8) Ensure that all your economic policies include a laser-like focus on creating living wage jobs for low-income families in urban, rural, and suburban areas of the nation. There is no question that the single greatest way to reduce child hunger is to increase the income from work for families with children. We also hope that you keep your 2008 pledge to support an increase in the federal minimum wage. A number of states have done so already, but given that we have a national economy, there is no substitute for federal action on this front.
9) Hold a bi-partisan White House Summit on Hunger. As you know, Representative Jim McGovern has forcefully and repeatedly called for such an effort. President Nixon held the first, and to date, the only one, which resulted in very concrete anti-hunger advances. Perhaps you could ask Governor Mitt Romney to co-chair this effort with you. The summit could launch a coordinated government, private sector, nonprofit sector, and citizen service plan to end child hunger in America.

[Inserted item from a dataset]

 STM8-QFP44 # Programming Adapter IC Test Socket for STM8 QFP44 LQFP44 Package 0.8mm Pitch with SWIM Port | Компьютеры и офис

10) Personally meet with national, state, and local anti-hunger and anti-poverty leaders, as well as directly with hungry Americans, to discuss next steps. I understand that, later this week, you will be visiting New York to monitor progress in responding to Hurricane Sandy; when you do so, I hope a specific meeting with low-income New Yorkers, as well as with AmeriCorps members engaged in hurricane response, could be included in your schedule.

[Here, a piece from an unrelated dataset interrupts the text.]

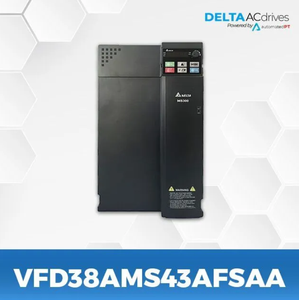 ไดรฟ์ปรับความถี่ Delta MS300 VFD45AMS43AFSAA สามเฟส 380~480V 22KW - Product Image 1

To follow up on any or all of these ideas, your staff can contact me at email@example.com.
I certainly agree with one of your favorite quotes by Dr. Martin Luther King, Jr., that the arc of history “bends towards justice.” But I hope you also agree with an equally important Dr. King statement, which he made shortly before he was martyred while fighting for increased wages for sanitation workers: “What does it profit a man to be able to eat at an integrated lunch counter if he doesn’t earn enough money to buy a hamburger?”
Mr. President, no superpower in the history of the world has maintained its superpower status if it has failed to feed all its children. I hope you commit the full force of your office to ensure that America can maintain its global leadership, first and foremost by ensuring that all our children have enough nutritious food to eat.
Mr. President, please keep your promise to our kids.
Thanks you for your consideration and for your service to the nation.